Sonia Sotomayor, presidenta de la Corte Suprema de EE.UU.

La jueza se convirtió en el primer latino en llegar a ese cargo.

Aunque se daba por sentado que la mayoría demócrata en el Senado estadounidense aprobaría la postulación de Sonia Sotomayor a la Corte Suprema de Justicia, el nerviosismo se apoderó de los funcionarios de la Casa Blanca. Cuando a las tres de la tarde (hora de Washington) comenzó la deliberación, no faltaron las calculadoras y las proyecciones de resultados.
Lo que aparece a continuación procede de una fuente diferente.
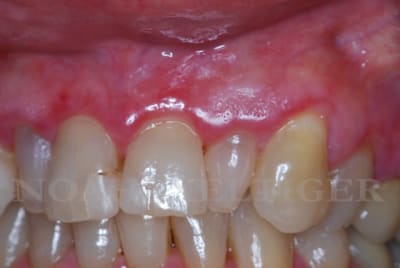 Dsc 0338 fygt0v - Eugenol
El primer dato numérico era la mayoría que los demócratas, el partido en el poder, tenían en ese cuerpo legislativo: 60 senadores. Le siguió el apoyo que siete republicanos habían confesado a los medios por la jueza de origen hispano, la minoría étnica de mayor crecimiento durante los últimos años en el país del norte.

Pero no todos los cálculos eran tan positivos: en momentos en que la crisis económica y la reforma al sistema de salud han generado fuertes choques con los republicanos, las encuestas reflejan una importante caída del 13% en la aprobación presidencial desde su punto más alto en febrero pasado.
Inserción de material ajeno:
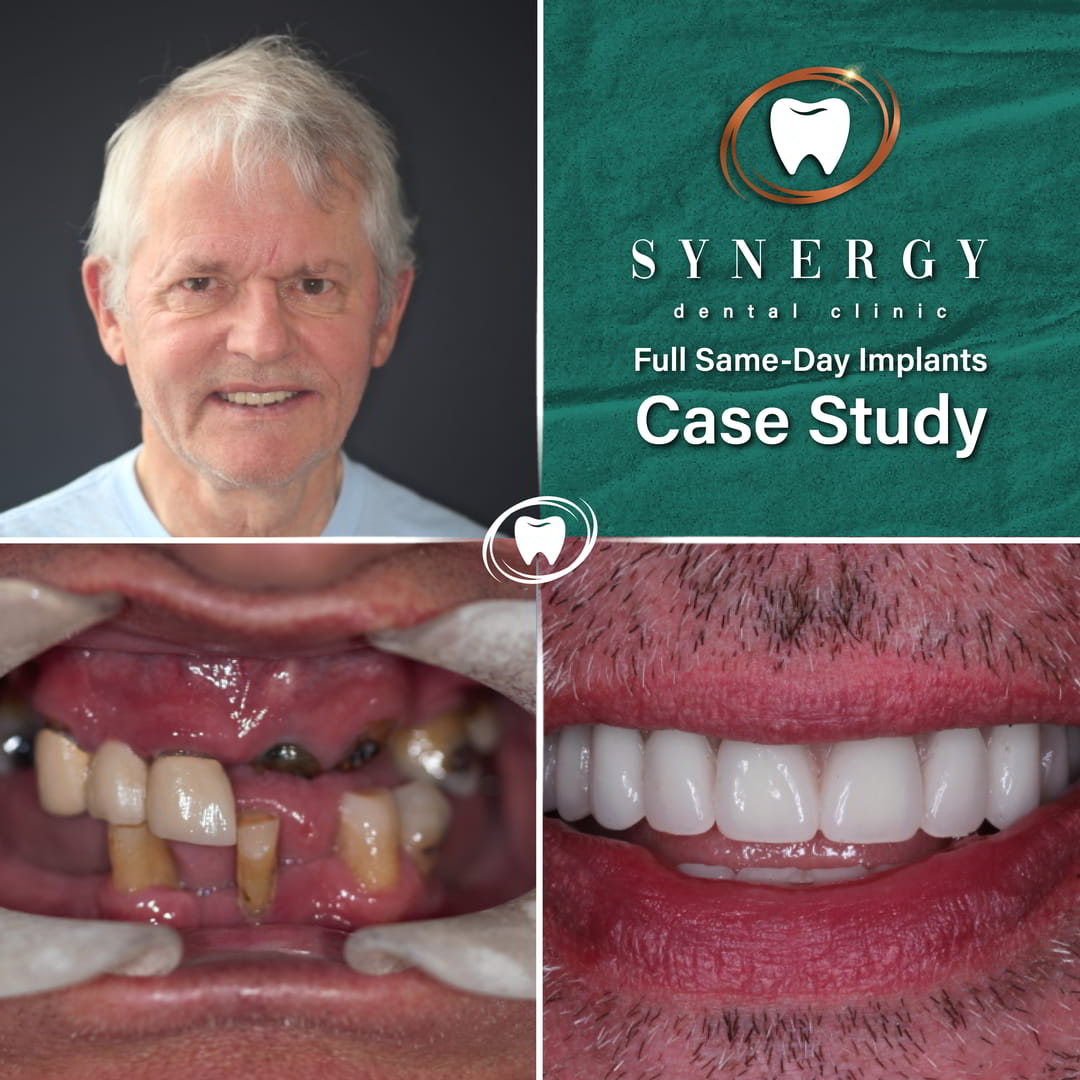 Same day implants - Zuber bagasi- Synergy Dental Blackpool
Las fuertes críticas de los republicanos a la objetividad jurídica de Sotomayor y las acusaciones de extremismo ideológico tenían a los más incrédulos prediciendo qué tan bajo llegarían esos números si la nominada perdía.

El anuncio de votación del demócrata Al Franken puso un final feliz a la especulación: Sotomayor se convirtió en el primer latino y la tercera mujer de la Corte Suprema cuando 68 senadores aprobaron su postulación; en su contra se registraron 31 sufragios.

“Es algo enorme para la comunidad hispana, porque la jueza Sotomayor servirá de ejemplo y de prueba de que los hispanos pueden tener éxito en nuestra sociedad”, le dijo Karen O’Connor, profesora de ciencias políticas en la American University, a la agencia EFE.

 La jueza, de ascendencia puertorriqueña y quien a pesar de las dificultades económicas de su familia logró graduarse con honores en las mejores universidades estadounidenses, asumirá la vacante dejada por el juez David Souter en el mes de septiembre, cuando tendrá que decidir en la denuncia de irregularidades financieras presentada contra Hillary Clinton, actual secretaria de Estado de EE.UU., por un grupo conservador que en 2008 se opuso a su campaña presidencial.

Se espera que su llegada al alto tribunal coincida con la consideración del punto de vista de los hispanos en temas tan controversiales como el aborto, el porte de armas y la experimentación con células madre. “Se trata de la aceptación que nos ha faltado”, le dijo Edwin Torres, jurista y escritor nacido en Puerto Rico, al diario The New York Tmes.

También es un triunfo para Obama. Sus asesores esperan que el apoyo latino contrarreste los números críticos en las encuestas.